RECORDS TO PROCESS:
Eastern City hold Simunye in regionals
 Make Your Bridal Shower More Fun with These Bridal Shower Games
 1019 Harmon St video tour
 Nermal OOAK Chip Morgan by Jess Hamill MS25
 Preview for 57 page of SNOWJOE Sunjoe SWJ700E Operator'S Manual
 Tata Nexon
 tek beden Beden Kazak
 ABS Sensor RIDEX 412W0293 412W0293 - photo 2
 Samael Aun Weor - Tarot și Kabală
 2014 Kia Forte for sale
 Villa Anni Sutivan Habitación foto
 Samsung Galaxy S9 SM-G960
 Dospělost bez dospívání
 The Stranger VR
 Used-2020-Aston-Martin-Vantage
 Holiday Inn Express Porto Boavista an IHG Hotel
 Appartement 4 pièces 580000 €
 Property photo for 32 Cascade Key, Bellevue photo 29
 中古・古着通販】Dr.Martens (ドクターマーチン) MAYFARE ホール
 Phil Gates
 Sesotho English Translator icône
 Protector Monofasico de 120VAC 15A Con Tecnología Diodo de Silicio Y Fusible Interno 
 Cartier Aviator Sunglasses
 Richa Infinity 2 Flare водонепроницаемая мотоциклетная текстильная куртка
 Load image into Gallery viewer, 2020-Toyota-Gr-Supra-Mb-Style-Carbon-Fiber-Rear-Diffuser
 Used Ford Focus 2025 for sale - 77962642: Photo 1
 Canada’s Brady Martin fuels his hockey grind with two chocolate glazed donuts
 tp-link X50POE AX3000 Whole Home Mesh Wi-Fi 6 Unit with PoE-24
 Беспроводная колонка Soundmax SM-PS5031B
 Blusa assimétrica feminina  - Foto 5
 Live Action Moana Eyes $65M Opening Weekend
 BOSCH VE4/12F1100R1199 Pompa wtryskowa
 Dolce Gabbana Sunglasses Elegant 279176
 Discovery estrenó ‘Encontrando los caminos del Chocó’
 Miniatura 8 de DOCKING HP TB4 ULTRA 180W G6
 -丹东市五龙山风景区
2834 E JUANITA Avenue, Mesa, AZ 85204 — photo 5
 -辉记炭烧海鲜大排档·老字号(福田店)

WORK ORDER:
Repeat each line of the data above, exactly as it appears, from the first through the line that contains "Villa Anni Sutivan Habitación foto".

WRITTEN ANSWER:
Eastern City hold Simunye in regionals
 Make Your Bridal Shower More Fun with These Bridal Shower Games
 1019 Harmon St video tour
 Nermal OOAK Chip Morgan by Jess Hamill MS25
 Preview for 57 page of SNOWJOE Sunjoe SWJ700E Operator'S Manual
 Tata Nexon
 tek beden Beden Kazak
 ABS Sensor RIDEX 412W0293 412W0293 - photo 2
 Samael Aun Weor - Tarot și Kabală
 2014 Kia Forte for sale
 Villa Anni Sutivan Habitación foto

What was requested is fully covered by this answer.